Anna Gabriel, de la CUP, hablaba ayer en la tribuna del Parlament catalán de una vida que no merecía la pena ser vivida a no ser que se liberasen del Estado español. Carmen Forcadell azuzaba en los mítines previos a las pasadas elecciones catalanas contra la esclavitud de los últimos siglos.
Yo, que conozco Catalunya desde mi adolescencia, cuando competía cada año en los campeonatos de España de remo en Banyoles, que asistí maravillado por las calles de Barcelona al ambiente único de las olimpiadas, que tuve uno de mis primeros amores en La Molina, un pueblo del Pirineo catalán, no termino de ver esa vida perdida ni esa esclavitud secular.
Pasearse Barcelona no recuerda al Pyongyang vigilado por militares ni a La Habana de prensa única, ni hay prohibiciones al habla en ninguna lengua. Todo lo contrario. Barcelona es una ciudad envidiada por media humanidad. En mis viajes por Japón o Estados Unidos la referencia española es la ciudad condal, y son muchos los que suspiran al oír hablar de ella. Por su colorido, su calidad de vida, la mescolanza de culturas y la apertura de mente.
Hay que dejarse de artificios por parte de los gurús del independentismo y decir que no se siente afecto por el resto de España, y punto.
España no roba a nadie. España es un país moderno e imperfecto cargado de historia que ha pasado por momentos terribles a lo largo de siglos y que, en estos últimos cuarenta años, ha conocido la mayor época de prosperidad y bienestar, de libertad y respeto a la diferencia, de democracia ajustada a los estándares occidentales, con mucho futuro por recorrer; una España que hemos construido entre todos, incluido el 90 por ciento de catalanes que votó masivamente (no con el 47.8% de sufragios, sino con más del 90) la Constitución actual, garante de nuestros derechos de ciudadanos libres e iguales.
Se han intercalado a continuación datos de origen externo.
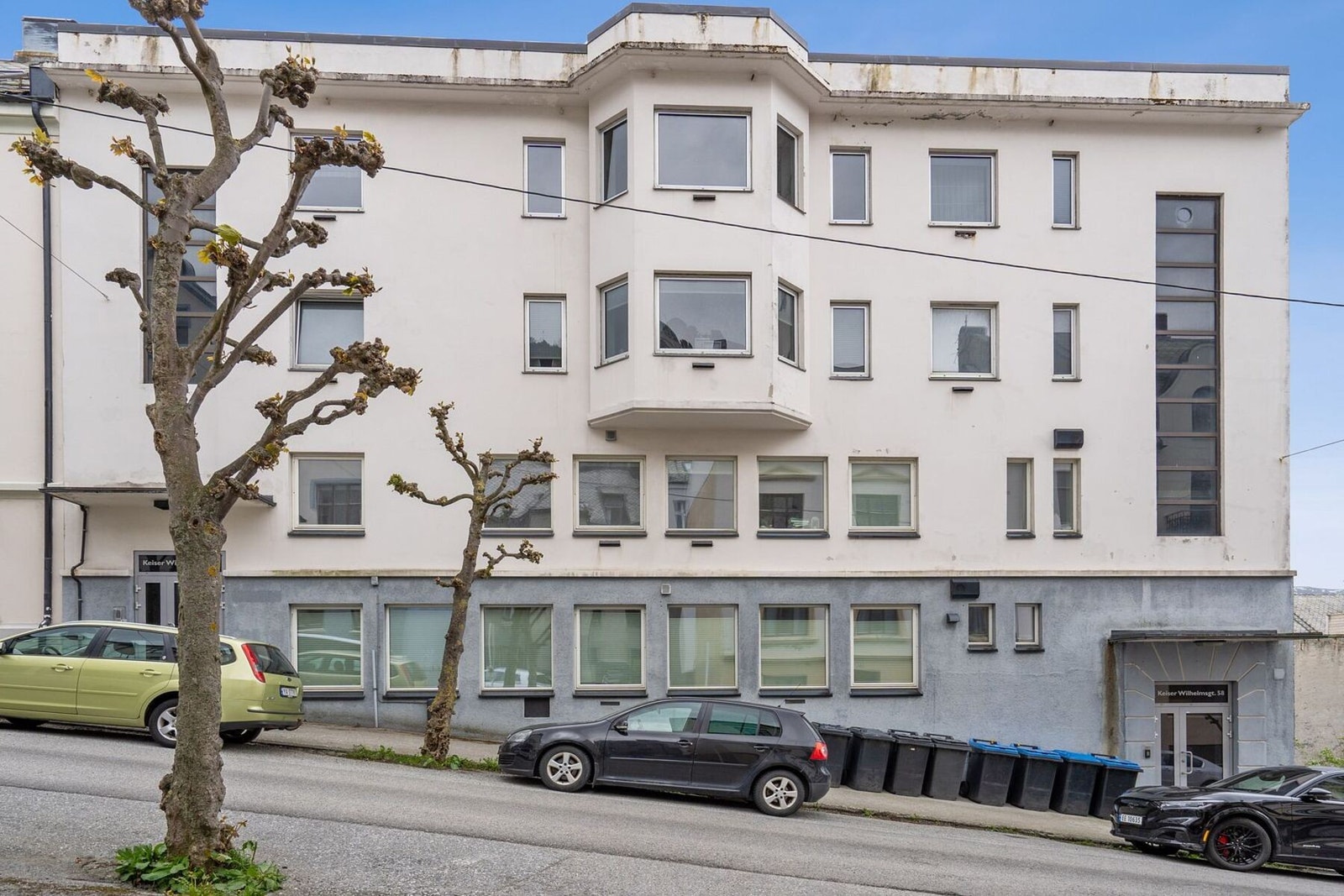 Fasade. Fra leiligheten kort gangavstand til bla. busstopp, treningssentre og dagligvarebutikker. Alle fasiliter v/ Ålesund sentrum i kort gangavstand. Galleribilde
El mayor problema en estos 40 años de democracia, para los que nos sentimos de izquierdas, para los que son conservadores y para los que pasan de la política, se llama Artur Mas. El mayor enemigo de esta España demócrata y esperanzada en superar los nubarrones de una profunda crisis económica y de valores no viene de Corea del Norte ni de Cuba. Es un español egocéntrico, narcisista, mal gobernante, rencoroso, manipulador y soberbio que ha preferido hacer retroceder años a su comunidad autónoma, metiéndola en un guirigay de identidades enfrentadas y banderas colgadas del que no sabe cómo salir, hablando mal de nuestra democracia en el extranjero de forma sonrojante, incitando a odiar al país del que es ciudadano, al que acusa de ladrón.
¿Se han cometido injusticias con Catalunya? Y tanto que sí. Y con Extremadura, y con las Canarias. ¿Se equivocó el Tribunal Constitucional enmendando un Estatut aprobado por el pueblo? Seguramente sí. Pero este país que se llama España se ha ido gobernando durante décadas de democracia con leyes redactadas en un Parlamento español fuertemente influido por el nacionalismo catalán, partícipe en primera persona de la elaboración de la gran mayoría de grandes leyes que hoy nos rigen, incluida la de la financiación autonómica.
A los andaluces nos llaman mentirosos, vagos y mendicantes desde otros lugares de España, pero yo sé abstraerme de juicios estúpidos y generalistas de minorías amargadas radicales, como el catalán debe entender que los insultos y menosprecios no corresponden con el sentimiento de una España que está muy por encima de esos reduccionismos sin defensa.
Mas y gran parte de la opinión pública catalana (que, a día de hoy, no sabe cómo salir de este entuerto) contaminaron el debate alimentando manifestaciones multitudinarias al grito de ¡nos roban!, despreciando los afectos, la historia secular y el camino recorrido juntos.
Es como si durante años todos los medios españoles calentaran a la ciudadanía explicando con datos retorcidos que la Unión Europea nos maltrata.
A los políticos se les paga para resolver los problemas reales de la sociedad, de personas con carne y hueso. No se les remunera para crear problemas
A Catalunya le roba la cortedad de miras de sus dirigentes y la soberbia de un personaje enfermo de ambición por aparecer en los libros de historia. El presidente de un partido corrupto hasta los tuétanos que desprecia a esta joven democracia de un viejo país que es el suyo. Un país llamado España, terriblemente imperfecto, que le permite gobernar una Catalunya que nunca estuvo tan mal gestionada ni enfrentada a sí misma.